Upgrading from Server 2008 to Server 2012 R2 – Lessons Learned

I am a member of a terrific IT User group, Carolina IT Professional Group.  This group is focused on educating its members, and giving back to the community.  But what really keeps people to the end are the terrific door prizes.  At the July meeting, I won a copy of Server 2012 R2.  I had been running Server 2008 on my home network and decided that it was time to upgrade.  The first lesson is this:  Server 2008 is the Vista codebase, and Server 2012 R2 is the Windows 8.1 codebase.  You can’t upgrade from Vista to 8.1, nor can you upgrade to 2012 R2 from 2008.

A fresh OS install on my old domain controller — and fresh drives – was appropriate.  I downloaded an evaluation copy of Server 2012 R2 and installed it on one of my more capable workstations.  I installed the appropriate roles, moving AD and DNS over to it.  No problem.

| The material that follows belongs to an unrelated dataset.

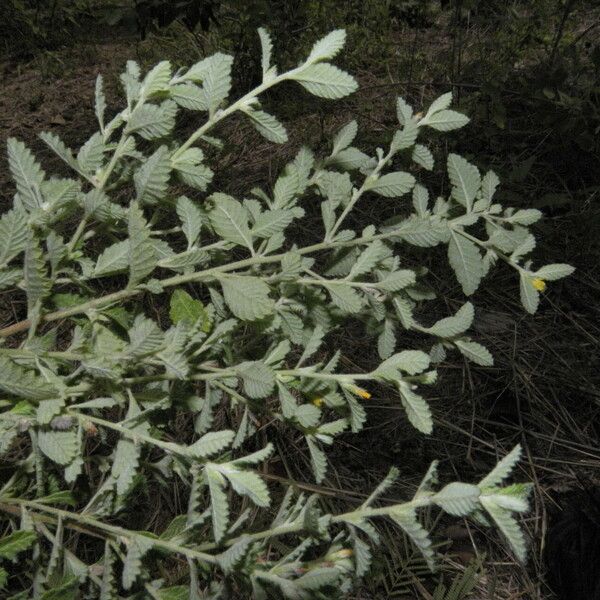 Turnera diffusa Yeri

After migrating the home directories onto a 2TB drive,  I went on and installed a boot disk to replace the aging mirrored 500GB drives in the old DC.

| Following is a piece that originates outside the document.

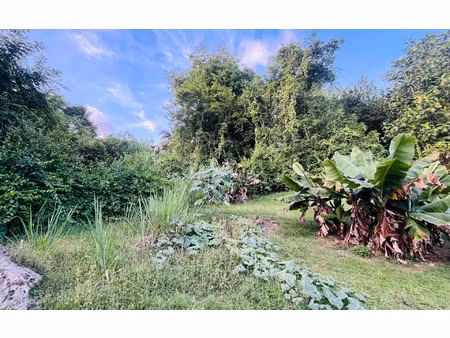terrain les abymes m² t- à vendre  177 000 €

I then installed my licensed copy of 2012 R2, and went looking for my home directories.   To make a long story short,  lesson two is remembering about the necessity of importing “foreign drives” when you move a disk between Windows installs.  Somehow along the way the security for the home drive folders got hosed, and I took a significant amount of time resetting the ACLs.

I have installed AD and DNS on my permanent DC, and am waiting for things to calm down before I remove those roles from the temporary DC.

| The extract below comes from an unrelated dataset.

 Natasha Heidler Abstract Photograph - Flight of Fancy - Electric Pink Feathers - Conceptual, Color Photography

The last lesson is this:  Server 2012 R2 has the same idiot UI as 8 and 8.1.  I was happy to find that Classic Shell works just fine at restoring a traditional start menu to Server 2012 R2.  For my thoughts on 8.1 and Classic Shell, visit this blog post.

PowerShell GUI for AD Recycle Bin

The Active Directory Recycle Bin was introduced in Windows 2008 R2.  In this version the Recycle Bin must be enabled, and the only way to undelete a user account is to use the Restore-ADObject command, with pretty arcane parameters.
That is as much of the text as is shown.